The appellant was, in those circumstances, in my opinion, entitled to defend himself against an unlawful assault which he had or he might reasonably have believed already commenced. In those circumstances the appellant contends that the learned trial judge should have directed on provocation, self-defence against unprovoked assault and prevention of repetition of a provocative act.
The success of these defences may seem unlikely but that is not the question before this Court. I think they are open and having been open they should, in my opinion, have been left to the jury. It follows, in my opinion, that the appeal against conviction should be allowed, the verdict of guilty set aside and a new trial ordered.
WILLIAMS JA: Davies JA has set out the terms of s 48(1) of the Corrective Services Act 1988. To my mind, the search of the person of a prisoner therein referred to relates to a search by a person other than the prisoner which involves some touching of the prisoner's body.
So construed, a strip search as detailed in the operational procedure, which became Exhibit 2 at the trial, would not be a search caught by section 48(1). That is because a strip search conducted in accordance with that operational procedure would only involve the prisoner touching his own body.
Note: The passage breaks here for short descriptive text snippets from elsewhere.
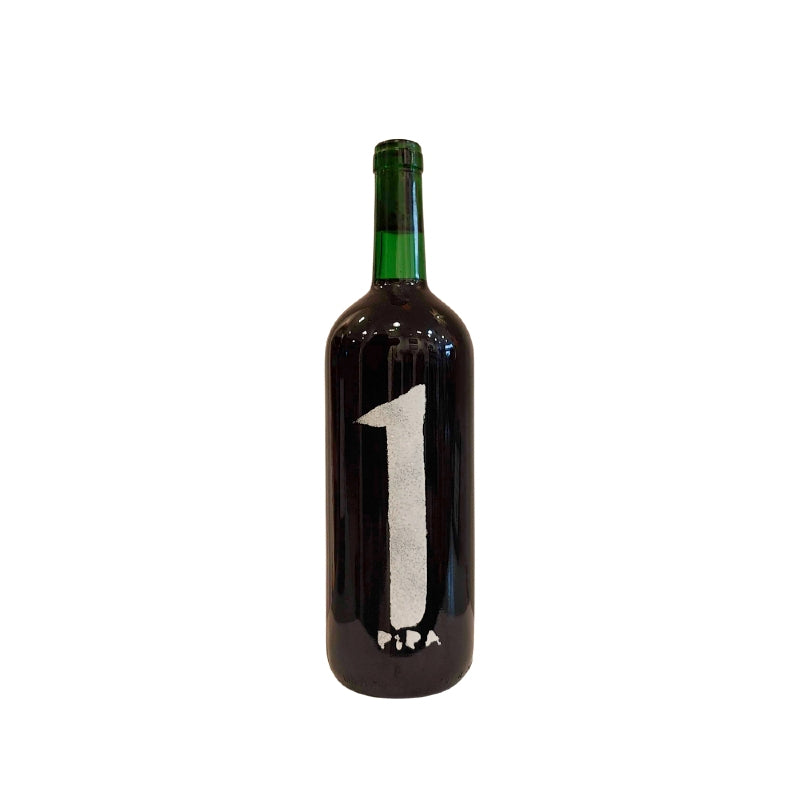 Quinta do Zimbro - 1 Pipa - Tinto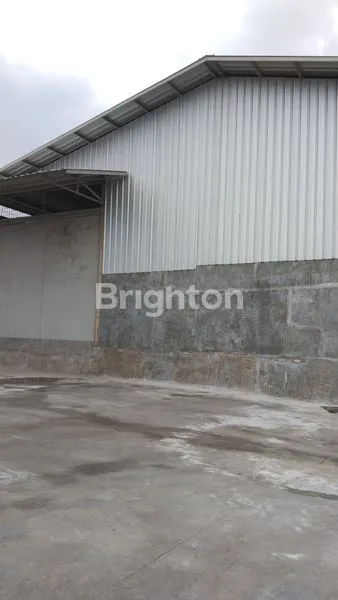 image GUDANG BARU  DI BY PASS SOEKARNO HATTA (6)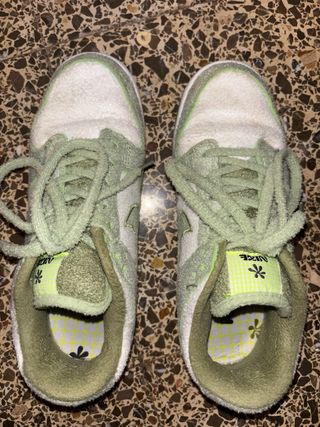 Zapatos Nike dunk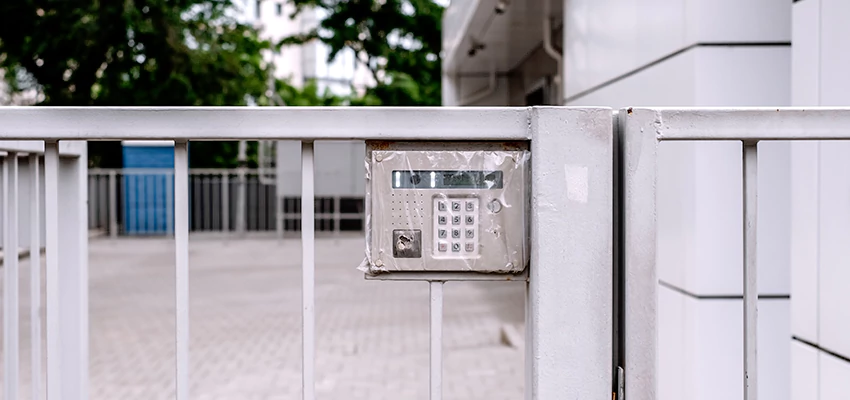 Gate Locks For Metal Gates in Cherryland, California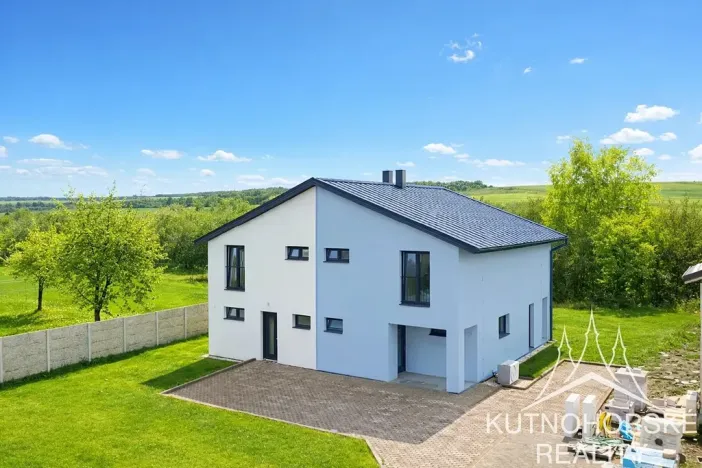 Prodej rodinného domu, Kutná Hora, K Jakubu, 119 m2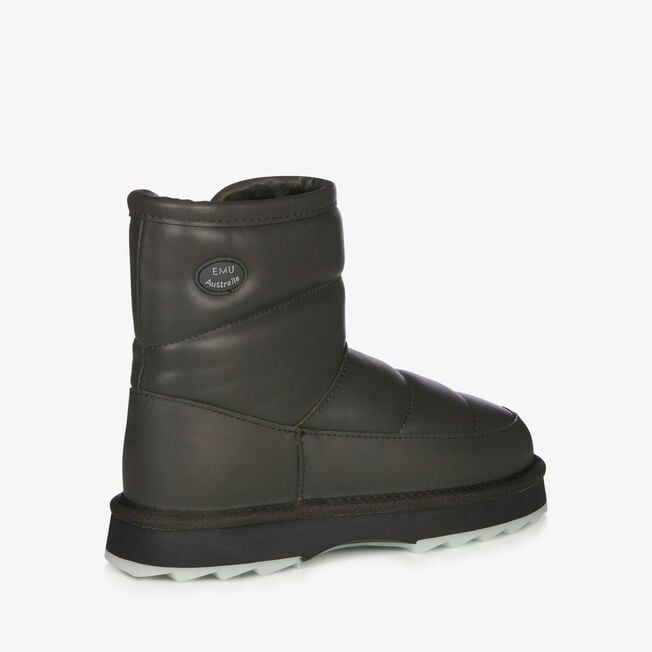 Emu Australia - Schuh Valerie 2.0, Oliv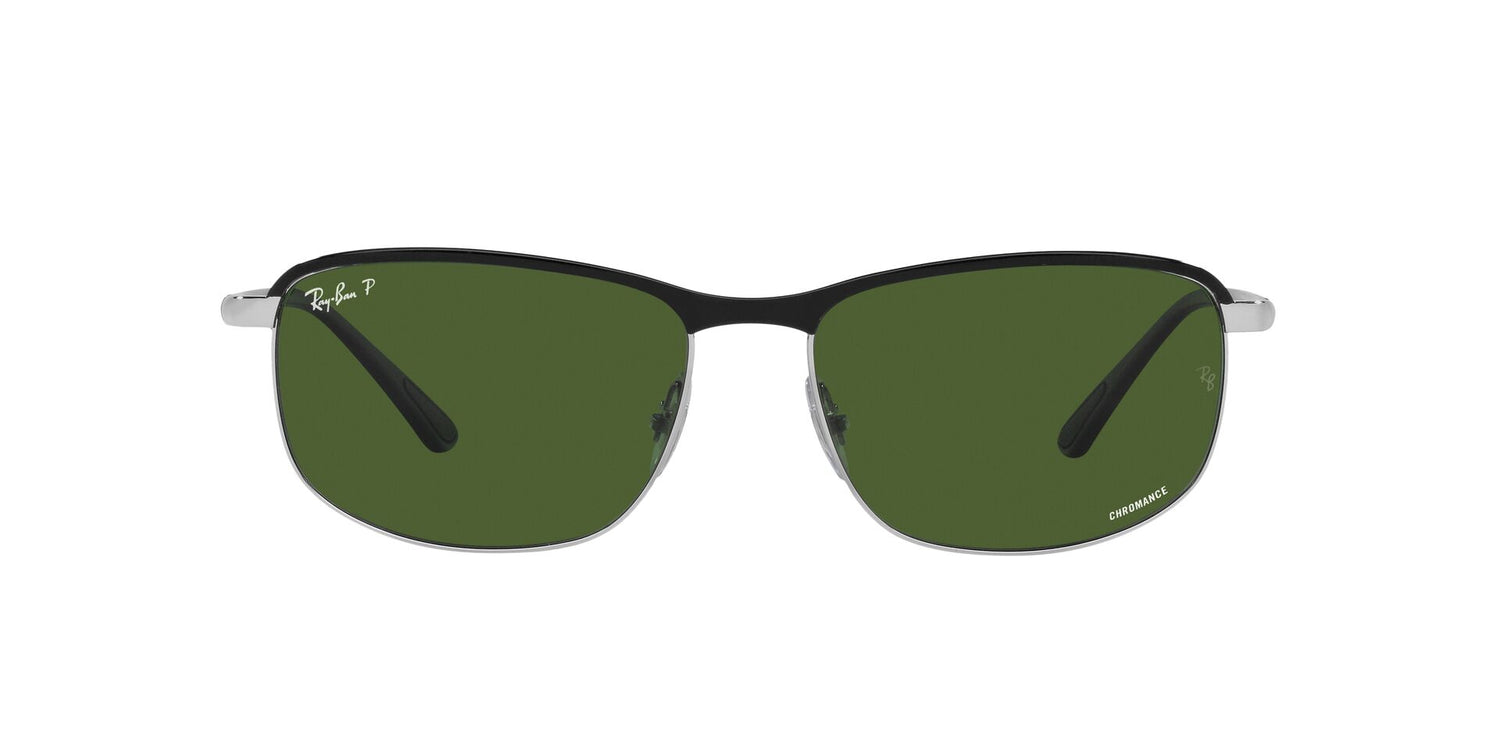 RAY-BAN RB3671CH 9144P1 60 - 6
It would involve, for example, the prisoner lifting up his testicles and pulling back his own foreskin.
However, as Davies JA has outlined in his reasons, on previous occasions when the appellant was strip searched, upon his refusal to pull back his own foreskin, a correctional officer, in one case Sullivan, performed that procedure. That, to my mind, could be an unlawful assault. It follows, in my view, that on the occasion in question the appellant was, at least, reasonably justified in believing that if he maintained his refusal to comply with the strict requirements of a strip search then the correctional officers would assault him by pulling back his foreskin.
At least that is an issue which, as Davies JA has said, should have been left to the jury. I agree that in the circumstances the defences referred to were reasonably open and it was for a jury to determine whether or not they afforded the appellant a defence to the offence with which he was charged. I agree with the orders proposed.
MULLINS J: I agree with the reasons of Justices Davies and Williams and the orders proposed.
DAVIES JA: The orders are as I have indicated.